Point de presse de la porte-parole adjointe
(Paris, le 19 août 2003)
"Au lendemain du dépôt par le Royaume-Uni d'un
projet de résolution au Conseil de sécurité
levant les sanctions contre la Libye, je souhaiterais simplement
vous faire part des observations suivantes, en complément
de mes déclarations des jours précédents,
auxquelles je vous renvoie.
Depuis le début de cette affaire, la France a une position
constante : face à de tels drames et à la douleur
des familles, nous sommes mobilisés pour qu'il soit donné
satisfaction à leurs demandes. Il s'agit pour la France
d'un principe moral, celui de l'équité. Le Ministre
des Affaires étrangères, M. de Villepin, s'en est
entretenu avec les autorités libyennes dès son entrée
en fonctions, à l'occasion de sa première visite
à Tripoli en mai 2002. Cette question a de nouveau été
évoquée à chacune de ses rencontres avec
des responsables libyens. Parallèlement, nous avons effectué
des démarches régulières auprès de
nos partenaires concernés, notamment américain et
britannique.
Ce principe d'équité, la France le défend
au nom des familles. Je rappelle que sur le vol UTA 772 voyageaient
des passagers de 17 nationalités différentes, bien
sûr des Français mais aussi de nombreux Africains,
des Américains, des Britanniques, des Italiens et d'autres
encore. C'est donc bien l'intérêt de l'ensemble des
victimes qui est aujourd'hui en cause. Nul ne peut accepter de
discrimination entre les victimes d'actes de terrorisme de même
nature.
Tels sont les éléments fondamentaux qui guident
notre action, avec la volonté d'aboutir, et qui fondent
notre détermination."
(Est-ce que la France mettra son veto devant la résolution
britannique ?)
"Je vous renvoie à ma déclaration du 14 août
que je vous rappelle :
Début de citation : "Il est clair qu'une solution
(fondée sur le principe de l'équité) constitue,
pour la France, une condition indispensable à la levée
définitive des sanctions contre la Libye, que la France
appelle de ses voeux." Fin de citation."
(Donc, concrètement, vous mettrez le veto ou pas ?)

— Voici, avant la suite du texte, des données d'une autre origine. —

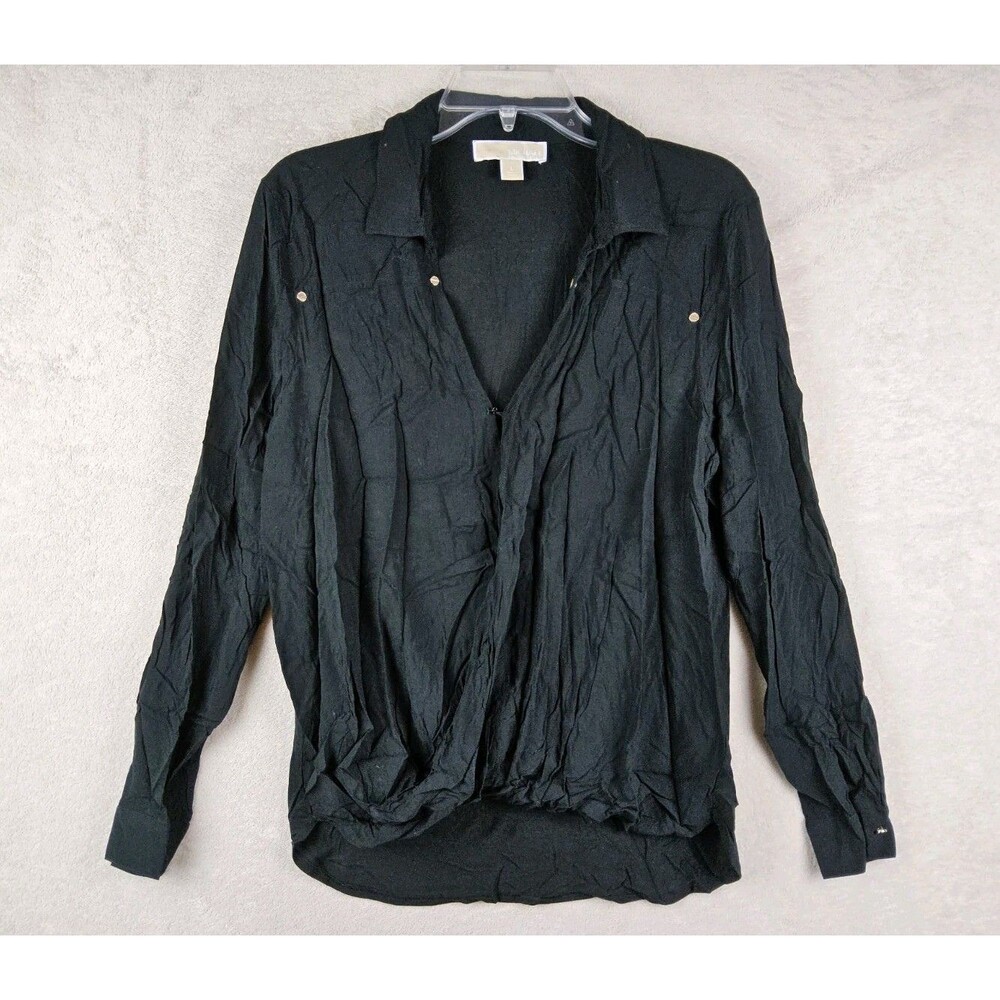 Michael Kors MK Women’s Long Sleeve Cross Front Black Blouse Top Size L
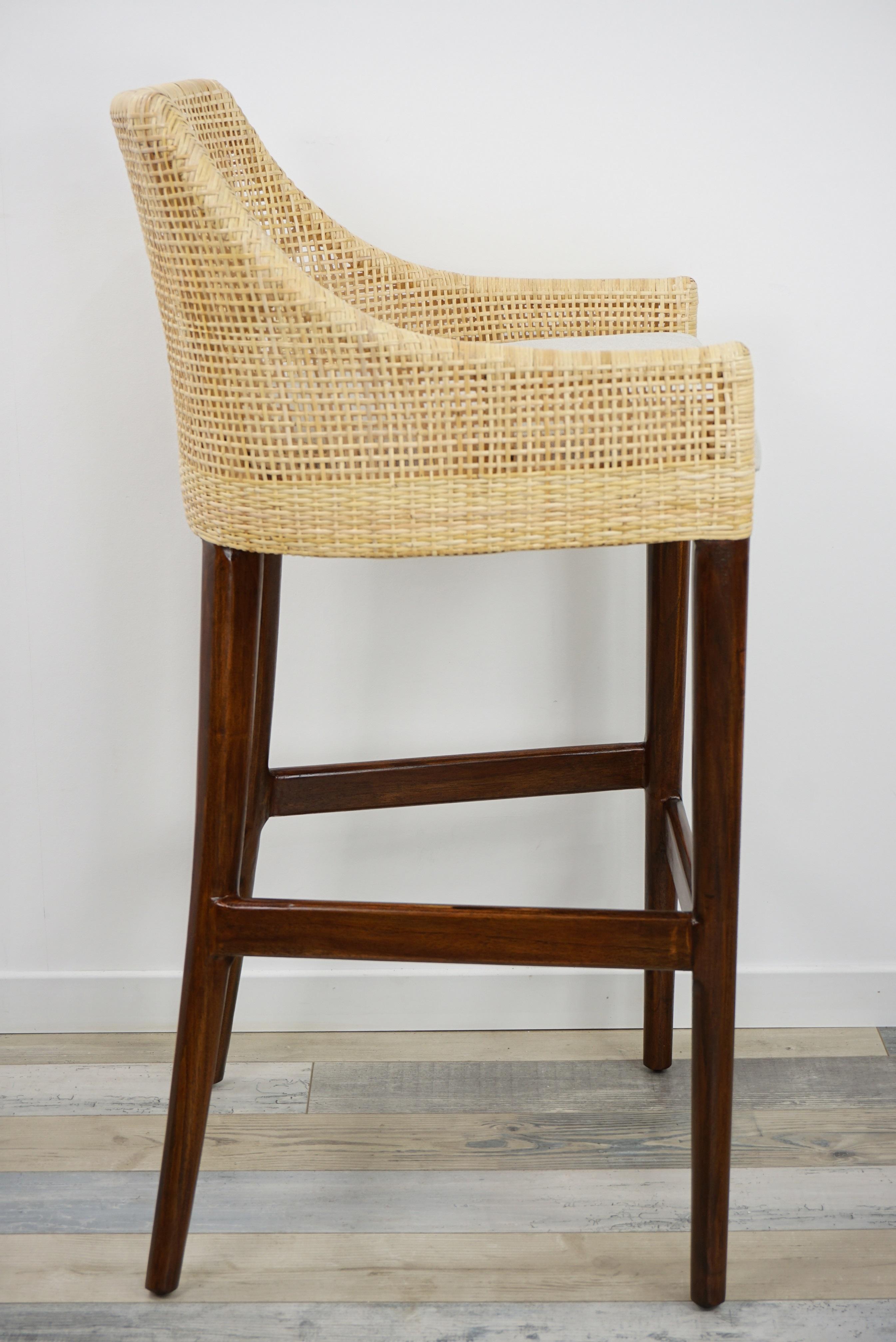Handcrafted French Design Wooden and Rattan Bar Stool In New Condition For Sale In Tourcoing, FR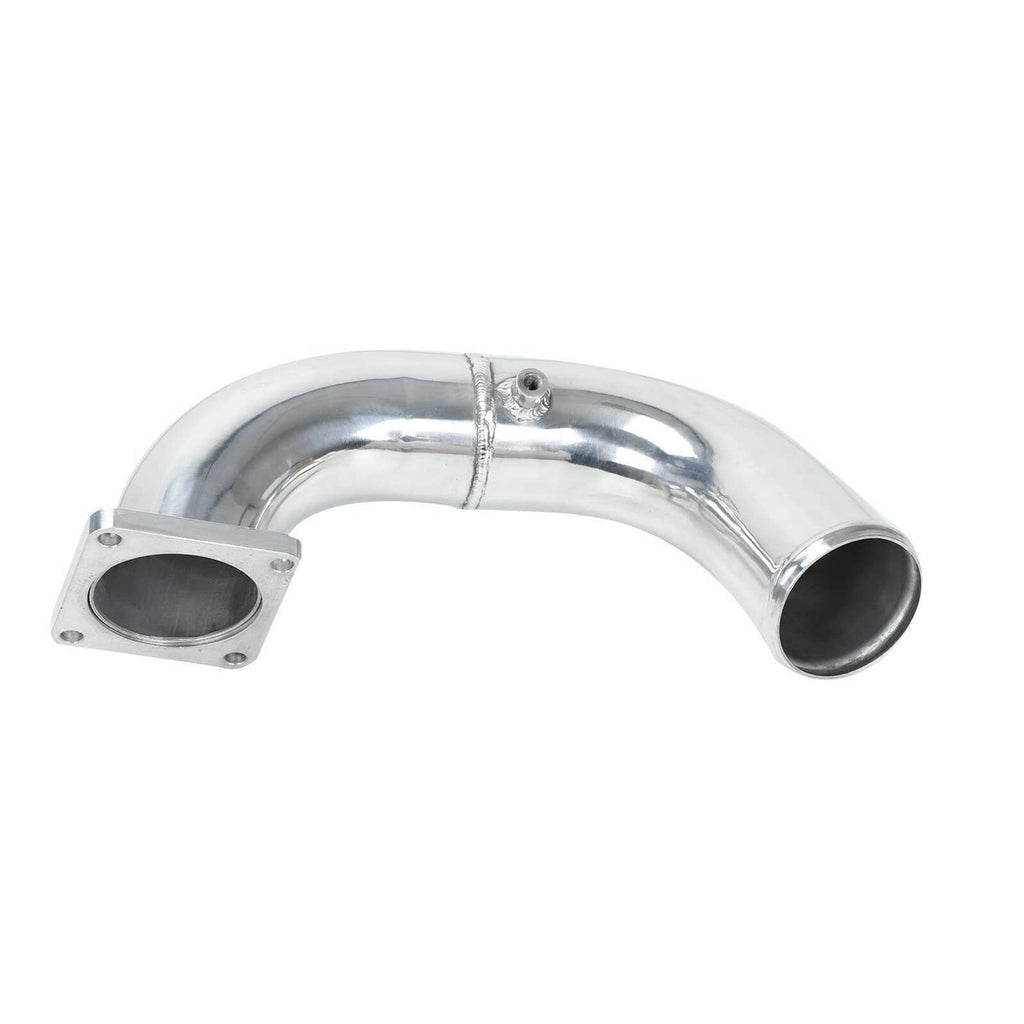 Shiny 3-inch air intake elbow charge pipe with two mounting flanges and black inlet openings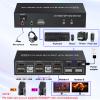 HDMI Displayport KVM Switch 2 Monitors 2 Computers, 4K@60Hz USB 2.0 DP 1.4 KVM Switch w/Audio Micro, Dual Monitor Supports Extended/Mirror Mode, 2-Port for 2 PC Share 1 Set of Keyboard Mouse Printer view 3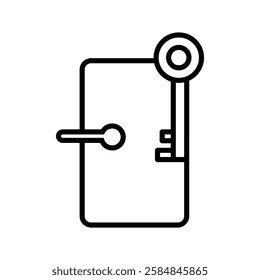Door key icon Thin line art isolated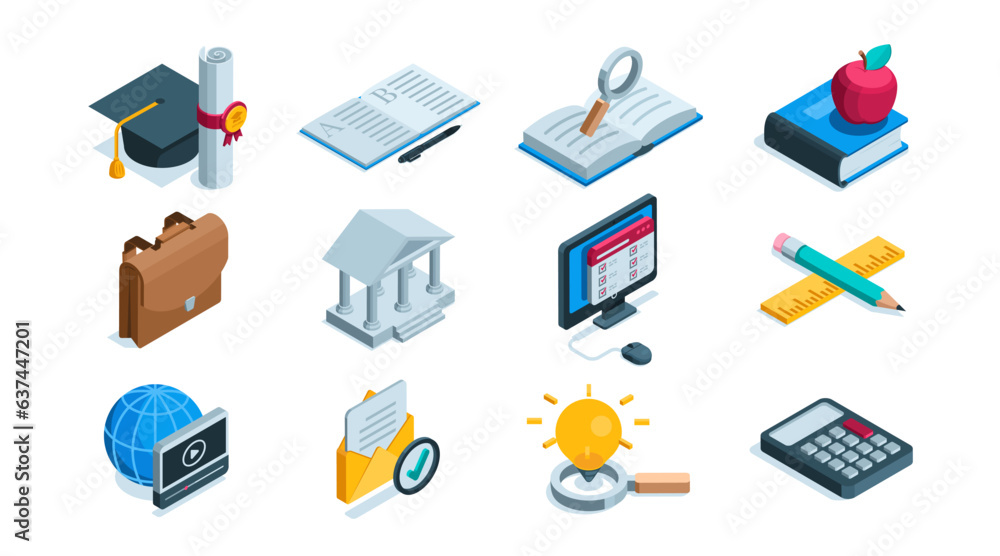 Poster isometric set of icons on the theme of education and study in color on a white background, a bachelo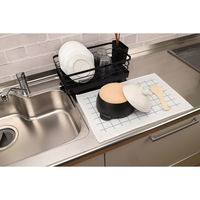 サンベルム 水切りマット 食器乾燥マット 33×50cm 速乾 ライトブルー 499070 1個（直送品）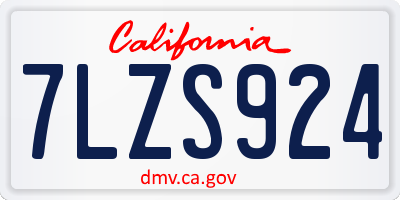 CA license plate 7LZS924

"Je viens de vous répondre."
(Est-ce que la France a des bases juridiques, après
l'accord avec la Libye, pour un éventuel veto ? La France
a-t-elle la possibilité d'empêcher une résolution
de levée de l'embargo sur la Libye ?)
"Vous avez bien noté, dans la déclaration que
j'ai faite précédemment, que nous nous situons d'abord
sur le plan de la dimension morale et du principe de l'équité.
C'est vraiment ce qui guide notre action. Nous nous situons moins
sur un terrain juridique que sur un terrain politique et sur celui
des principes, le principe de l'équité."
(Est-ce que maintenant les pourparlers avec les Libyens, à
travers l'association des familles des victimes, avancent ? A-t-on
enregistré un pas positif pour régler cette affaire
avant vendredi prochain, jour prévu de vote de la résolution
?)
"Comme vous le soulignez, ce sont les familles des victimes
qui négocient avec la partie libyenne, le collectif des
familles des victimes dont le porte-parole est M. Guillaume Denoix
de Saint Marc. Les autorités française apportent
leur soutien politique et diplomatique aux démarches des
familles des victimes. Nous sommes donc en contact permanent avec
les représentants des familles et ils nous disent que des
progrès sont enregistrés et qu'il y a une possibilité
d'aboutir à un accord fondé sur le principe de l'équité."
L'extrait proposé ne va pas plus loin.